Background: Public health surveillance has traditionally relied on manual processes including paper-based reporting by clinicians. The introduction of electronic laboratory reporting increased the efficiency and completeness of infectious disease surveillance but clinical and risk factor data are often still collected manually. The use of electronic health records (EHR) has significant promise to enrich surveillance by collecting these data automatically and by expanding surveillance to chronic diseases (e.g., diabetes, hypertension, obesity). However, the extent of the use of EHRs for public surveillance is not well studied.

Evidence Acquisition: The peer-reviewed medical literature was searched for descriptions of the use of EHRs for public health surveillance.

Evidence Synthesis: This literature is very limited. The largest body of work describes the experience of the Electronic Medical Record Support for Public Health system (ESPnet) currently being used in Massachusetts, Ohio, and Texas. It shows both the potential and challenges of using EHRs for surveillance.

Discussion: Routine incorporation of EHR data into surveillance provides a unique opportunity to expand the breadth, quality, and efficiency of surveillance efforts.

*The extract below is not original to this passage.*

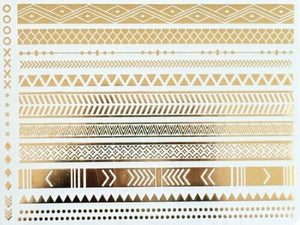 Gold Metallic Temporary Tattoo Premium flash Gorgeous Bracelet arm tattoo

However, more research is needed to document the potential benefits and limitations of EHRs.

Implications: Surveillance practitioners should work with health systems and EHR vendors to explore the use of EHRs. Policymakers should increase financial support for EHR-based surveillance by building requirements into Meaningful Use and other initiatives. In addition, clinical medicine and public health should work together to develop meaningful surveillance measures that can simultaneously improve the care of individuals and populations.